<<<<

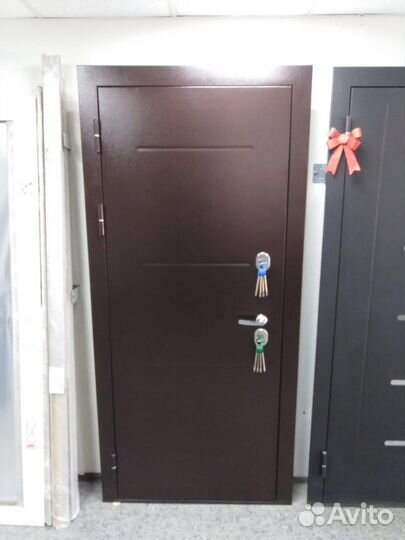 Дверь входная уличная с терморазрывом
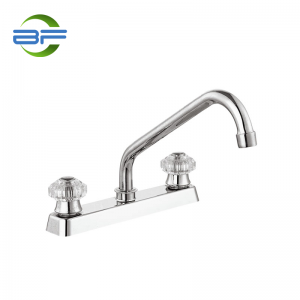 BM823 ທອງເຫຼືອງ 8 ນິ້ວ Deck Mounted Kitchen Faucet ມີສອງມືຈັບ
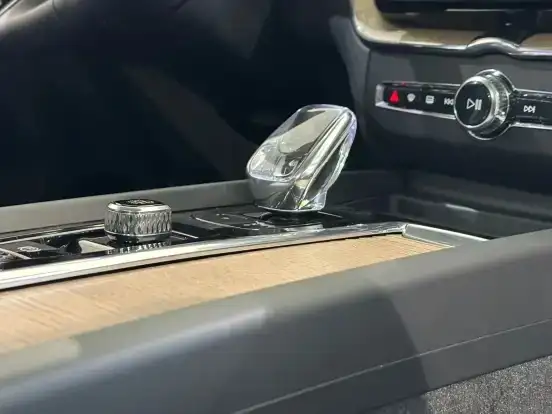 VOLVO-XC60-2026
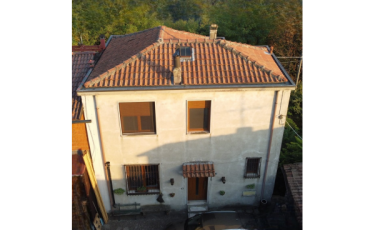 123 - PIETRA DE' GIORGI - € 53.000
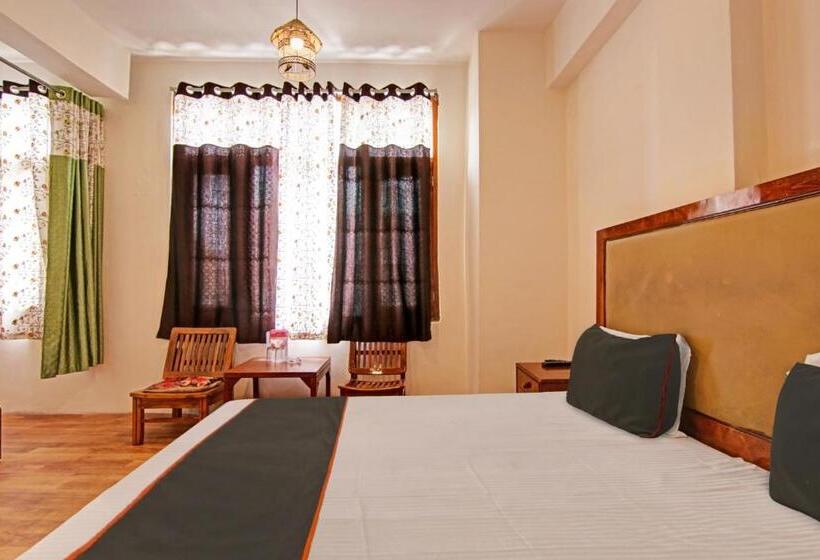 Chambre Triple Classique, Shantikunj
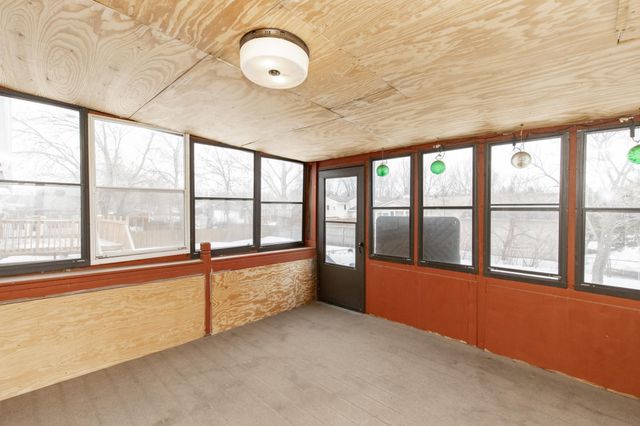 526 3rd Avenue NW, West Fargo, ND 58078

>>>>

> **Task description**: Transcribe the records above exactly, leaving every picture out of the copy.

> **Response area**:
 Дверь входная уличная с терморазрывом
 BM823 ທອງເຫຼືອງ 8 ນິ້ວ Deck Mounted Kitchen Faucet ມີສອງມືຈັບ
 VOLVO-XC60-2026
 123 - PIETRA DE' GIORGI - € 53.000
 Chambre Triple Classique, Shantikunj
 526 3rd Avenue NW, West Fargo, ND 58078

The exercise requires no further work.